Penulis: Iwan Ramos Siallagan
Google Berbagi Resep Atasi Lonjakan Ekstrem Pengguna Pokemon Go pada Google Cloud 

MOBITEKNO – Pokémon Go, game mobile berbasis lokasi dan AR (augmented reality) sempat mencapai puncak kepopuleran pada pertengahan Juli 2016 lalu (sekitar 45 juta pengguna harian). Kini, secara perlahan para pemainnya dari seluruh dunia mulai kehilangan minat memainkan game buatan Niantic tersebut.

Menurut catatan Apptopia, pengguna harian (daily active user) game ini mulai menurun hingga di level 30 juta pengguna pada Agustus 2016 lalu. Animo yang menurun ini juga sedikit banyak dipengaruhi oleh keputusan Niantic untuk melacak dan emblokir para pemain Pokémon Go yang berbuat curang, termasuk para botter.

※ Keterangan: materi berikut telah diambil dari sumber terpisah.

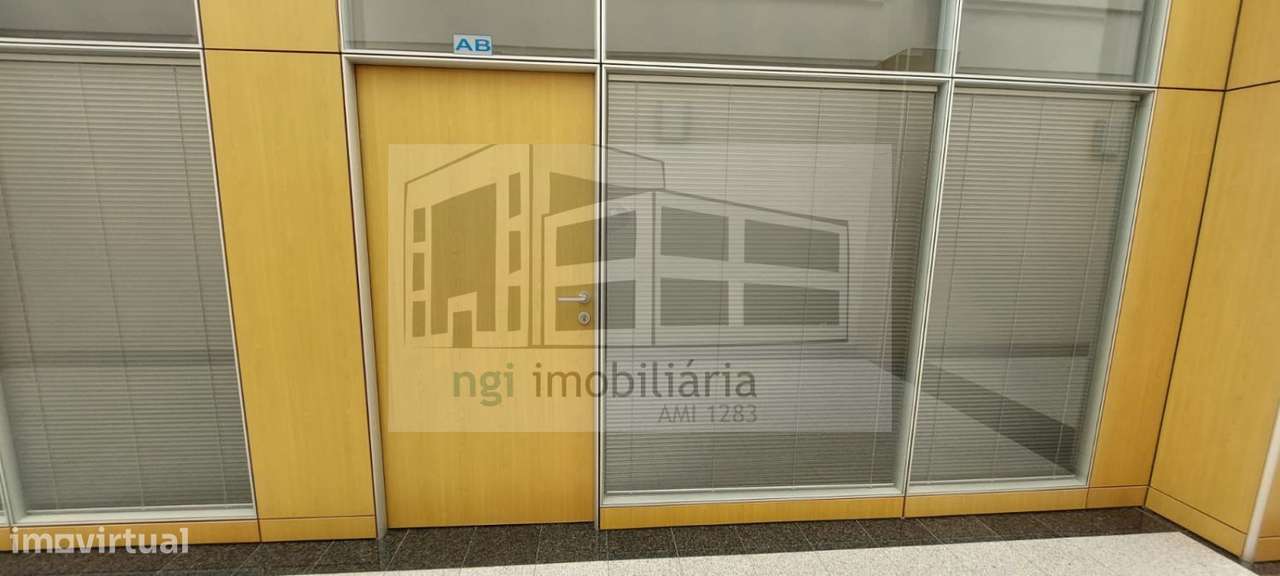 Escritório Famões Odivelas - Grande imagem: 2/15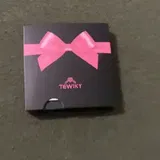 M**?? review photo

Namun, Niantic tidak terlalu merisaukan indikasi penurunan ini. Mereka masih meyakini pemain Pokémon Go loyalnya di seluruh dunia akan tetap antusias mencari berbagai ‘monster kecil’ tersebut. Niantic justru lebih merisaukan jika ada gangguan teknis, seperti kelebihan beban di infrastruktur jaringannya seperti yang pernah terjadi di awal-awal kehadiran Pokémon Go.

Berbicara mengenai gangguan teknis akibat kelebihan beban, Niantic dan Google sebagai penyedia infrastruktur Pokémon Go melalui platformnya, Google Cloud, punya sedikit cerita bagaimana dahsyatnya lonjakan lalu lintas data (traffic) di awal peluncuran Pokémon Go.

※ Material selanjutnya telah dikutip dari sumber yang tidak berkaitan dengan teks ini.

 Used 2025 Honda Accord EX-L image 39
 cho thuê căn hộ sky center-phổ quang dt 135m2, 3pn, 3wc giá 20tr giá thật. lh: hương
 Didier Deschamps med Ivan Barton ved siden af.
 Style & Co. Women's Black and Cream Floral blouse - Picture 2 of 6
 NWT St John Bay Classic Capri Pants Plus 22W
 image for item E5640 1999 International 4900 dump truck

Terjadinya ketidakstabilan server, seperti yang banyak diduga, dikonfirmasi oleh Google disebabkan oleh traffic yang sangat tinggi hingga di atas ambang batas traffic yang dapat diantisipasi oleh server. 

Sebelum game Pokémon Go diluncurkan, Niantic dan Google telah menetapkan dua target (skenario) traffic, target yang mungkin terjadi (original launch target) dan target terburuk (worst case scenario). Target terburuk ditetapkan 5x lebih tinggi dari target yang mungkin terjadi (target estimasi).

""

Fakta di lapangan, traffic yang terjadi mencapai 10 kali dari target terburuk atau 50 kali dari target traffic yang diestimasi Niantic. Kejadian yang tidak diperkirakan ini bahkan terjadi dalam 15 menit setelah Pokémon Go dirilis di Australia dan Selandia Baru. Sudah bisa ditebak, banyak pemain pun harus menerima berbagai konsekuensi gangguan akibat server menjadi super sibuk.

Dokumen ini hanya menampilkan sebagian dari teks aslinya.